Jakarta – Masjid Baitul Atiq, yang terletak di Jalan Sriwijaya IV No. 1, Kelurahan Selong, Kecamatan Kebayoran Baru, Jakarta Selatan, memiliki sejarah panjang sebagai pusat ibadah dan pembinaan umat Islam. Berdiri sejak tahun 1971, masjid ini tidak hanya berfungsi sebagai tempat ibadah, tetapi juga menjadi pusat kegiatan sosial dan pendidikan keagamaan bagi masyarakat sekitar.
Sejarah dan Perkembangan Masjid
Masjid Baitul Atiq dibangun di atas lahan seluas 500 m², yang merupakan bagian dari tanah negara seluas 4.308 m² dengan Sertifikat Hak Pakai Nomor 287/Selong Tahun 2005 atas nama Departemen Pendidikan Nasional RI. Pembangunannya diinisiasi oleh warga setempat, terutama Hadi Soewondo, yang mengajukan izin kepada Departemen Pendidikan Nasional RI agar lahan tersebut dapat dimanfaatkan sebagai tempat ibadah umat Islam.
Seiring waktu, masjid ini terus berkembang dan kini menjadi pusat kegiatan keislaman yang aktif dalam berbagai bidang, termasuk pendidikan, sosial, dan olahraga.
Kegiatan Keagamaan dan Sosial
Sebagai tempat ibadah, Masjid Baitul Atiq rutin menyelenggarakan shalat lima waktu, shalat Jumat berjamaah, shalat Tarawih, dan iktikaf di bulan Ramadan. Selain itu, pengurus masjid juga aktif dalam kegiatan sosial, seperti pembagian zakat fitrah yang dikelola oleh amil zakat dari yayasan masjid.
Masjid ini juga menjadi pusat kajian Islam dengan berbagai kegiatan majelis taklim, yang mencakup:
- Pengajian Al-Qur’an: Membahas bacaan, makna, dan tafsir Al-Qur’an.
- Kajian Hadits: Mempelajari hadits dari kitab-kitab utama seperti Shahih Bukhari, Shahih Muslim, Abu Dawud, Nasa’i, Ibnu Majah, dan Tirmidzi.
Selain itu, Masjid Baitul Atiq memiliki Program Pembinaan Karakter Generasi Muda untuk menanamkan nilai-nilai akhlak mulia pada berbagai jenjang usia. Program ini mengajarkan konsep Tri Sukses (Akhlakul Karimah, Alim & Faqih, serta Mandiri), Enam Thobiat Luhur, dan Empat Tali Keimanan guna membentuk generasi yang berkarakter dan religius.
Kegiatan Olahraga dan Keterampilan
Untuk mempererat kebersamaan dan meningkatkan kesehatan jamaah, masjid ini juga menyelenggarakan berbagai kegiatan olahraga dan keterampilan, seperti:
- Bela diri silat, untuk meningkatkan ketahanan fisik.
- Sepak bola, khusus bagi jamaah berusia 35 tahun ke bawah.
- Senam bersama, terbuka untuk seluruh jamaah.
- Pelatihan memasak, khusus bagi remaja putri sebagai keterampilan hidup.
- Pelatihan Pramuka, guna menanamkan disiplin dan kemandirian bagi generasi muda.
Struktur Pengelolaan Masjid
Sejak tahun 1984, pengelolaan Masjid Baitul Atiq dilakukan oleh yayasan yang secara resmi dibentuk dan terus mengalami pergantian kepengurusan sesuai kebutuhan. Hingga saat ini, yayasan tersebut dipimpin oleh Irjen Pol (Purn) Drs. H. Srijono, M.Sc., yang telah lama berkontribusi dalam pengelolaan dan pembinaan masjid.

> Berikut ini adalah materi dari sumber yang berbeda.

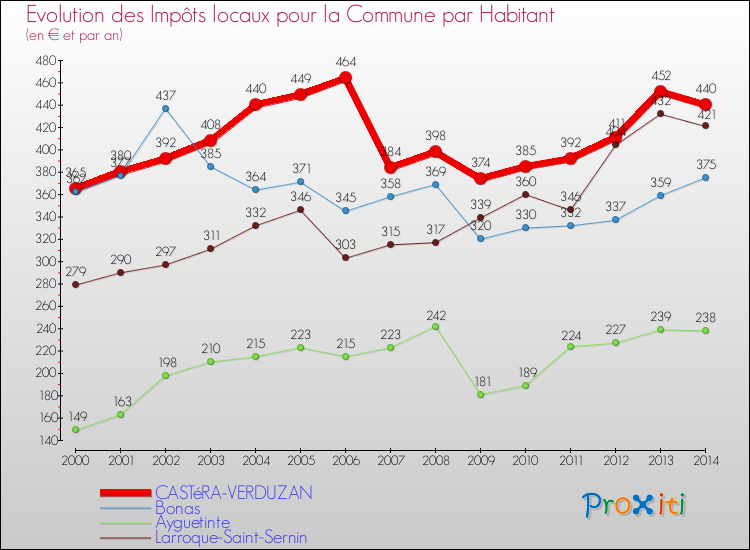 Evolution et montant des impôts locaux par Habitant pour CASTéRA-VERDUZAN et les communes proches de 2000 à 2014 Comparaison des impôts locaux par habitant pour CASTéRA-VERDUZAN et les communes voisines de 2000 à 2014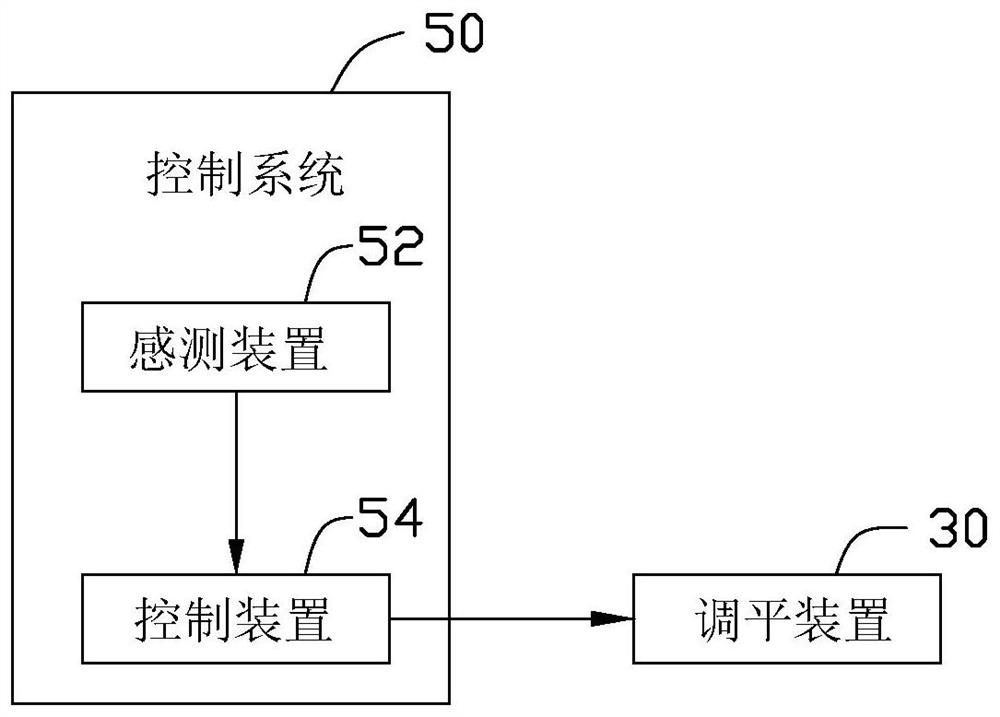 Leveling device and trowel using said leveling device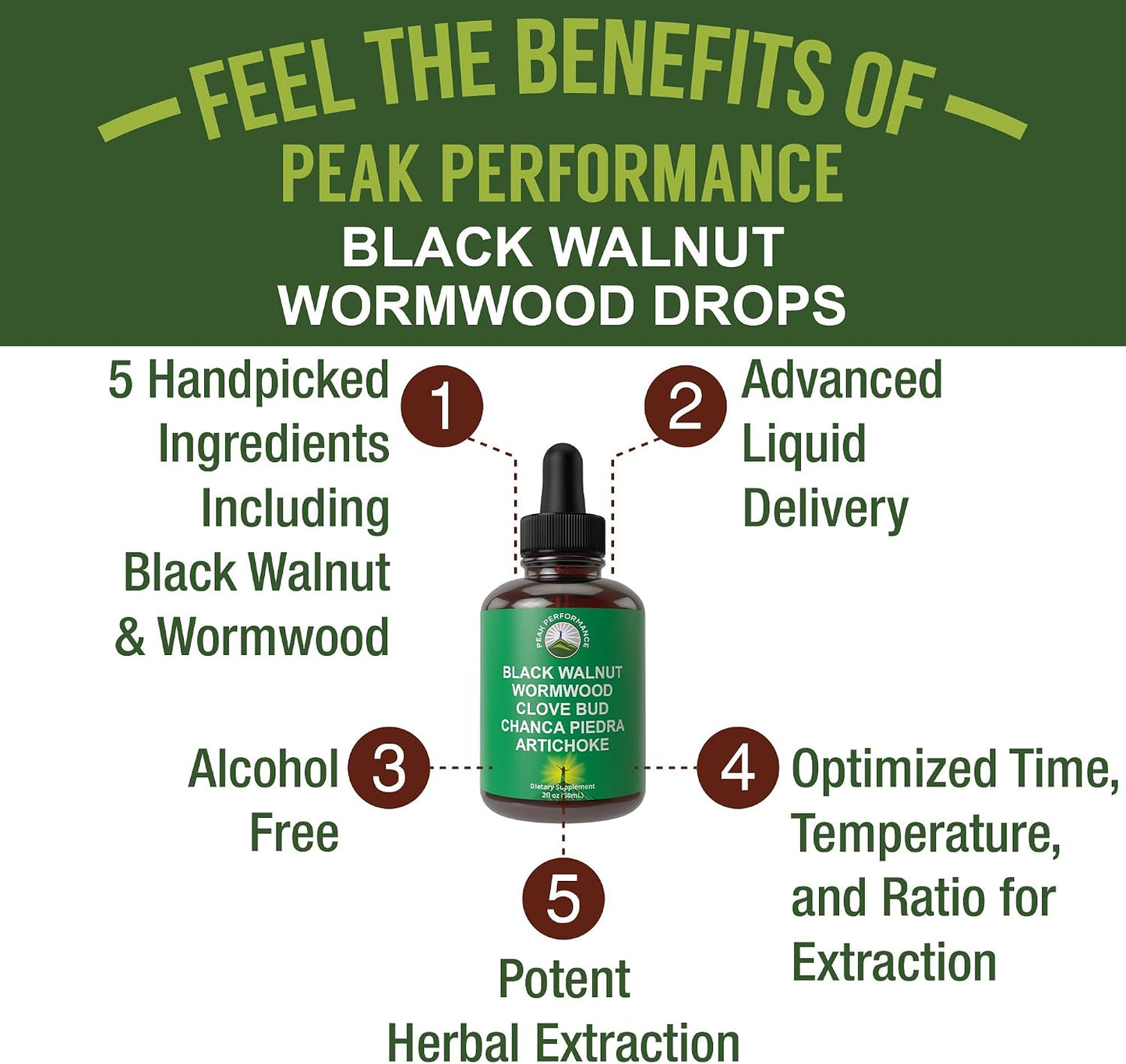 Wormwood Black Walnut Clove Cleanse for Humans. Elimination Detox + Intestinal Support Liquid Tincture Supplement for Adults and Kids. with Artichoke and Chanca Piedra for Additional Benefits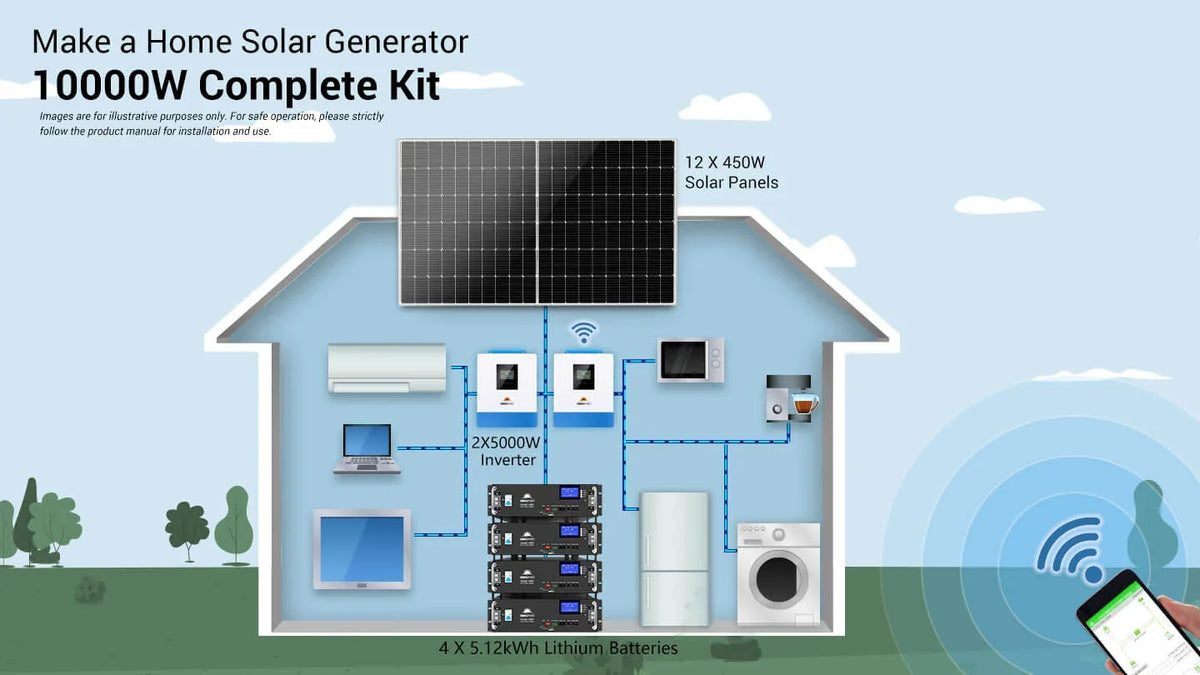 Sungold Power Off‑Grid 10,000W Solar Kit 48VDC 120V/240V Output | LiFePO4 20.48 kWh Battery & 12×450W Panels (SGR‑10K2M)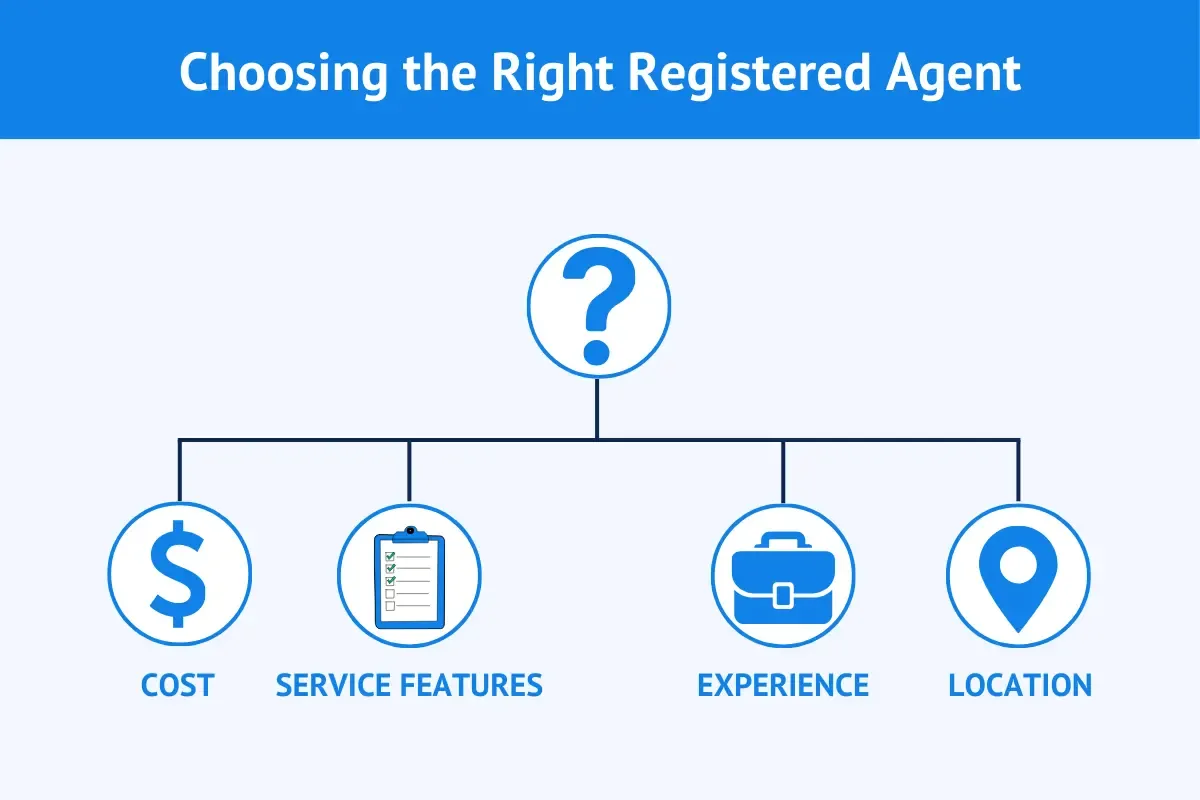 choose-the-right-registered-agent.webp Choosing the right registered agent decision flowchart showing cost, service features, experience and location factors for business owners.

Berikut susunan pengurus Yayasan Masjid Baitul Atiq periode 2022 hingga sekarang:
- Ketua Pembina: Drs. Srijono, M.Sc.
- Anggota Pembina: Drs. H. Dunan Ismail, Hudi Suryanto
- Ketua: H. Supriyono WS
- Sekretaris: Asep Sri Wibowo
- Bendahara: Warjan
- Pengawas: Drs. H. Budi Sardjono
Dengan berbagai program dan kegiatan yang dilakukan, Masjid Baitul Atiq terus menjadi pilar keislaman, pendidikan, dan kebersamaan bagi masyarakat Kebayoran Baru dan sekitarnya.